Madrid – Real Madrid resmi memulai babak baru dengan menunjuk Jose Mourinho sebagai pelatih kepala untuk musim depan. Kembalinya pelatih asal Portugal itu menandai reuni setelah lebih dari satu dekade berpisah dengan klub raksasa Spanyol tersebut.
Pengumuman resmi disampaikan klub pada Kamis (11/6/2026) waktu setempat. Dalam pernyataannya, Real Madrid mengontrak Mourinho selama tiga musim hingga 30 Juni 2029.
Mourinho dijadwalkan mulai memimpin latihan pada 13 Juli mendatang bertepatan dengan dimulainya agenda pramusim. Untuk mendapatkan jasa pelatih berusia 63 tahun itu, Real Madrid dikabarkan harus menebus klausul kontraknya di Benfica senilai 15 juta euro karena masih terikat hingga 2027.
Kepulangan Mourinho tidak sekadar menjadi nostalgia. Manajemen Los Blancos memberikan mandat besar kepadanya untuk mengembalikan dominasi klub setelah gagal meraih satu pun trofi bergengsi dalam dua musim terakhir.
Periode sulit tersebut terjadi di bawah kepemimpinan Carlo Ancelotti, Xabi Alonso, hingga Alvaro Arbeloa yang belum mampu membawa Madrid kembali ke puncak kejayaan.
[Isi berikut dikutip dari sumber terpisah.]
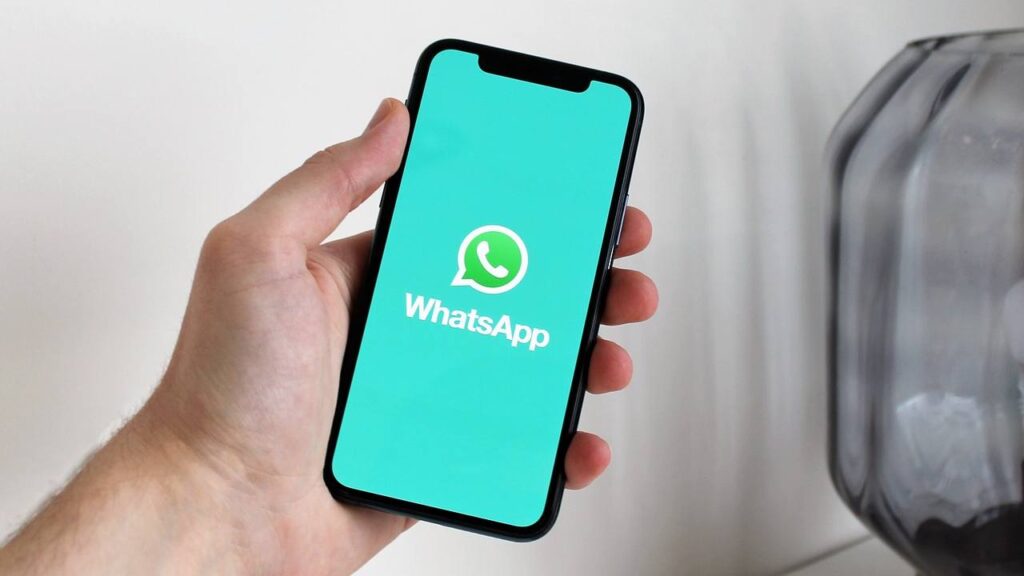 Come creare sticker Whatsapp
Kondisi itu membuat Presiden Florentino Perez akhirnya menjatuhkan pilihan kepada Mourinho, sosok yang dikenal memiliki karakter kuat dalam membangun mental juara.
Ini menjadi periode kedua Mourinho menangani Real Madrid. Pada masa kepemimpinan pertamanya antara 2010 hingga 2013, ia sukses mempersembahkan tiga gelar, yakni LaLiga, Copa del Rey, dan Piala Super Spanyol.
Meski gagal mengantar Madrid menjuarai Liga Champions, Mourinho kala itu berhasil membangun fondasi tim yang kemudian menjadi cikal bakal dominasi Los Blancos di Eropa beberapa tahun setelah kepergiannya.
Pengalaman panjang di berbagai liga elite Eropa menjadi modal berharga bagi Mourinho. Setelah meninggalkan Madrid, ia sempat melatih Chelsea, Manchester United, Tottenham Hotspur, AS Roma, hingga Benfica.
Bersama Benfica pada musim lalu, Mourinho mencatatkan rekor impresif dengan membawa timnya tidak terkalahkan di kompetisi domestik. Namun, hasil itu belum cukup untuk mengantarkan Benfica menjadi juara karena hanya mampu finis di posisi ketiga di bawah Porto dan Sporting CP.
Trofi terakhir yang diraih Mourinho adalah UEFA Conference League bersama AS Roma pada 2022. Sementara gelar liga terakhirnya diperoleh saat membawa Chelsea menjuarai Premier League musim 2014/2015.
Kini, tantangan yang lebih besar menantinya di Santiago Bernabeu. Di tengah ekspektasi tinggi suporter dan tekanan untuk segera meraih prestasi, Mourinho diharapkan mampu mengembalikan identitas Real Madrid sebagai klub yang selalu bersaing di level tertinggi, baik di kompetisi domestik maupun Eropa.
Reuni antara Real Madrid dan Jose Mourinho pun menjadi salah satu cerita paling menarik dalam bursa pelatih musim ini. Publik kini menanti apakah “The Special One” mampu kembali menorehkan sejarah dan mengakhiri paceklik gelar yang dialami Los Blancos dalam dua musim terakhir.